Well, the shop windows were not simple, rough textures stuck to a few polygons that no one would have bothered to observe closely in the middle of a race, but rather defined and diversified interiors: on the one hand a clothing store, on the other a bakery, and then again a place where live music is played in the evening. A short distance away, a square and a pedestrian street with people walking and discussing, creating a sharp contrast to the areas, deliberately desolate, where you run. The point is: such a level of care and detail was not necessary or taken for granted for a product like Forza Horizon 4, yet the developers have taken on it equally, with the intention of not really leaving anything to chance. Well, if in the minutiae there is such a great passion, let alone in the main contents of this new chapter of the Microsoft series.



Gameplay and structure

Available for free to Xbox Game Pass subscribers, on both PC and Xbox One, Forza Horizon 4 boasts a really cool take on the traditional open world structure seen in other racers. In addition to focusing on the great variety of situations, on a disproportionate number of events and on an equally gargantuan fleet of cars, which has something like 460 different cars, the game's developers have tried to keep the interest in the progression high by dividing this aspect in several parts and linking specific achievements to the completion of the races, to the customizations, to the artistic and creative implications of the experience, as well as to the possessions.

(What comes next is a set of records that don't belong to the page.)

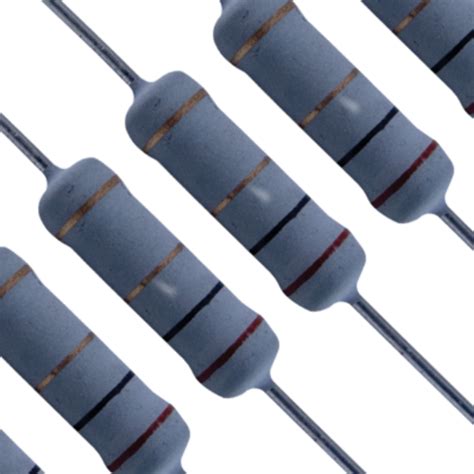 3 Watt Metal Oxide Resistors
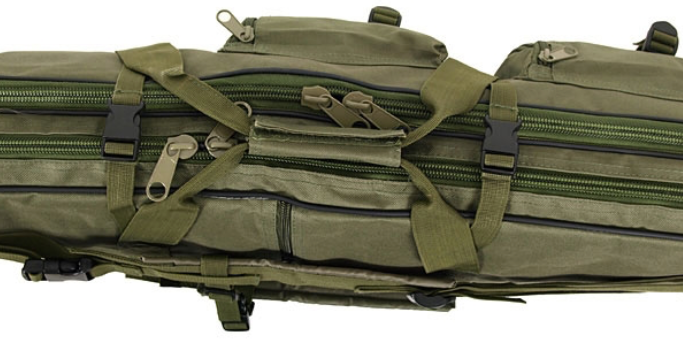 Foudraal 96cm x 29cm Groen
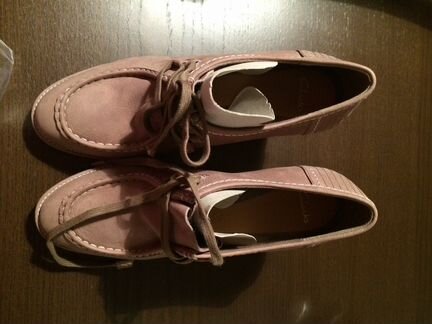 Женские ботинки Clarks 43 размера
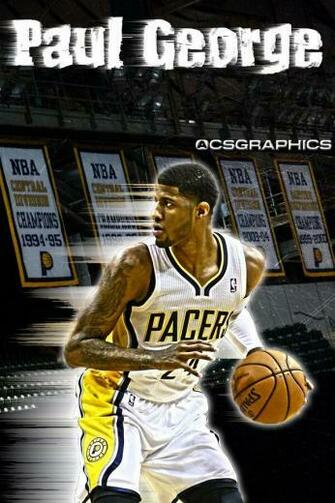 Paul George iPhone Wallpaper
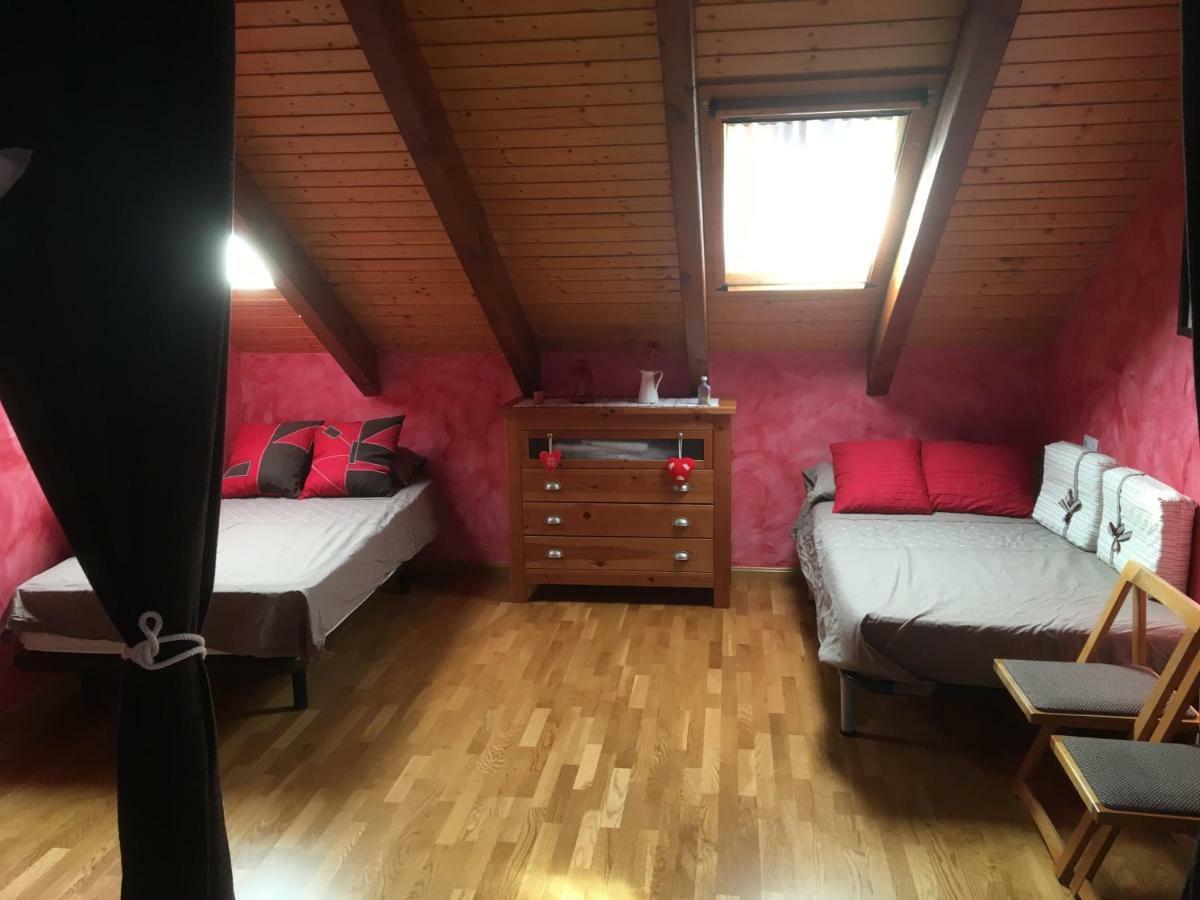 Apartament Duplex Altos De Santiago Buhardilla Villanúa Zewnętrze zdjęcie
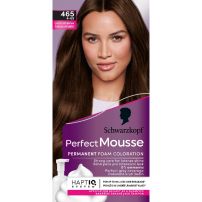 SCHWARZKOPF PERFECT MOUSSE Мус боя за коса 465 Chocolate brown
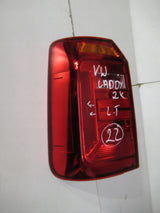 VW CADDY 2K1 2K5 LIFT 4 IV LAMPA LEWA TYŁ 15- 2K1945095N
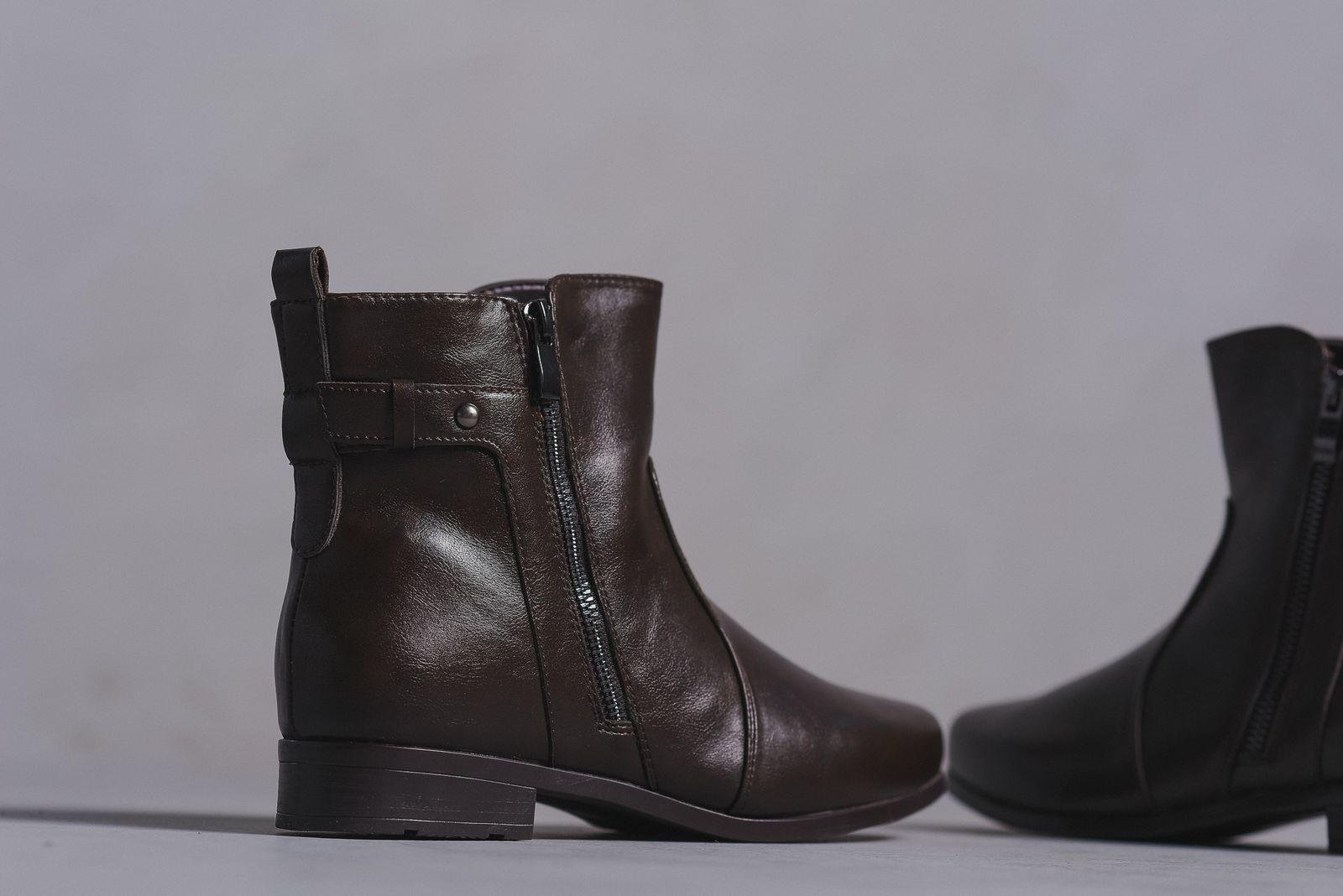 Bota Amélia baixa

Forza Horizon 4 for PC, the review

As the narrator says during the introduction, this is not simply a matter of trying your hand at a festival of out-of-the-ordinary competitions, but with a real way of life; and life requires times and spaces that in Forza Horizon 4 are declined in the form of dynamic seasons and the houses that we will be given the opportunity to buy. Tinsels of purely aesthetic value, mind you, but which offer the convenience of an easily accessible hub, where you can manage your garage and make any changes and upgrades to vehicles, to be financed through the use of credits earned with each victory. The seasons have been talked about in abundance, but between saying and making the difference is notoriously large.



Forza Horizon 4 for PC, the review

In the very first part of the campaign we will be able to appreciate them all in relatively rapid succession and experience the way in which they influence the conditions of the asphalt, with situations also very distant from one extreme to the other. Because "arcade" does not mean "trivial", and when you aim at importing as an absolute reference for the genre, you have to know the difference between the two concepts. We are not in the range of Forza Motorsport 7 simcade dynamics, of course: in Horizon, fun, immediacy and visual opulence come first, but every car responds to certain rules and seasons play a destabilizing role compared to these elements, successfully mixing the cards of an experience that in this way never bores and finds further comfort in the folds of an online sector which is also dynamic. However, for this test on PC we have only scratched the surface of what the Playground Games title has to offer: for more details take a look at our review of the version of Forza Horizon 4 for Xbox One.

Forza Horizon 4 for PC, the review

The PC version

Forza Horizon 4 runs on Xbox One S at 1080p and 30 frames per second, while on Xbox One X it offers the possibility to choose between two different modes: 2160p at 30 frames per second or 1080p at 60 frames per second. The quality in these last two cases is variable: at 4K the effects correspond almost entirely to the "ultra" preset on the PC, with the only exception of the ambient occlusion, while at 1080p many parameters switch to the "high" preset and are deactivated. some extras, such as night shadows. Excellent results for a hardware that is sold for 499 euros, there is no doubt, but we were interested in understanding how the game behaved in the presence of more advanced components, specifically an NVIDIA GTX 1080 Ti video card.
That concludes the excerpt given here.